- _EXERCISE DETAILS_
Output the listing word for word, minus pictures.

- _SUPPLIED INFORMATION_
◇ ◇ ◇ ◇ ◇

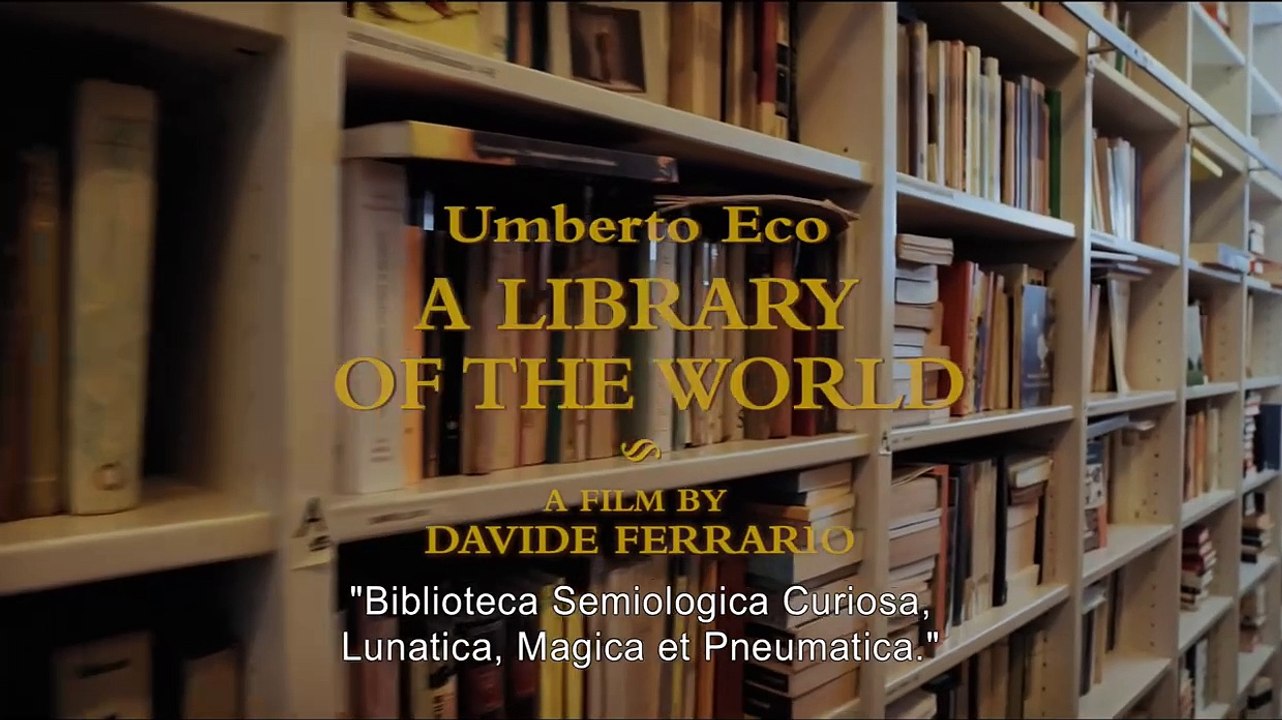 Umberto Eco - Eine Bibliothek der Welt Trailer OmdU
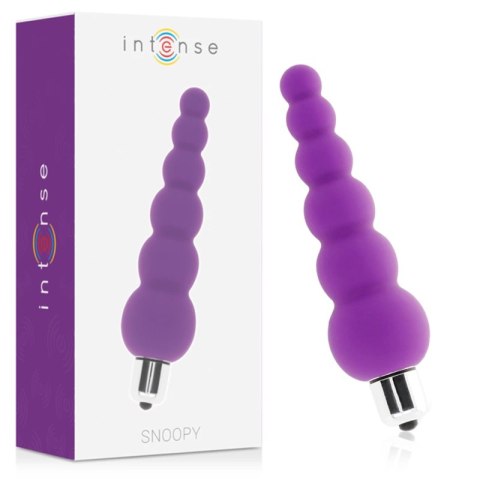 Intense Snoopy 7 Trybow Silikonowy Model Wibrujący Liliowy 13,5 cm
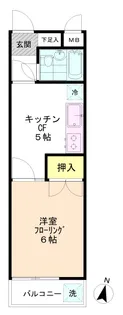GSハイム南馬込【3階】の間取り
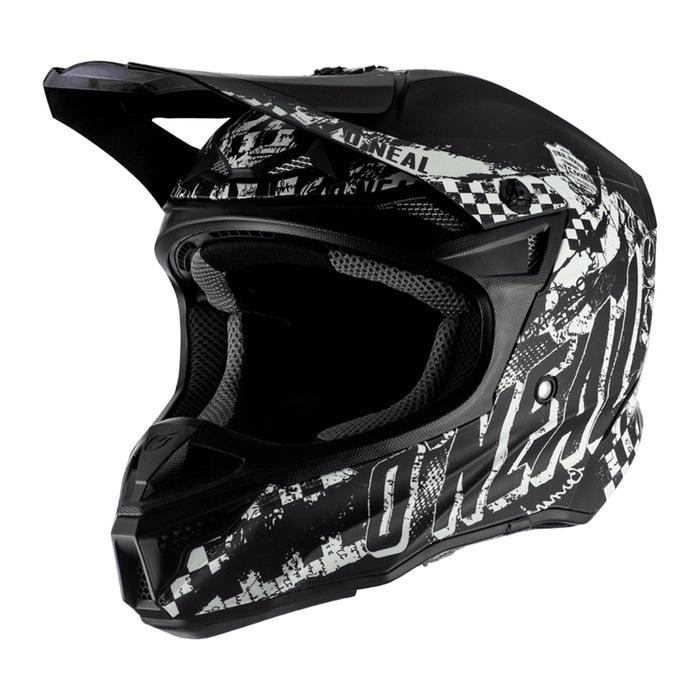 

Шлем кроссовый O’NEAL 5Series RIDER, размер M, чёрный, белый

◇ ◇ ◇ ◇ ◇

- _WORKED SOLUTION_
 Umberto Eco - Eine Bibliothek der Welt Trailer OmdU
 Intense Snoopy 7 Trybow Silikonowy Model Wibrujący Liliowy 13,5 cm
GSハイム南馬込【3階】の間取り

Шлем кроссовый O’NEAL 5Series RIDER, размер M, чёрный, белый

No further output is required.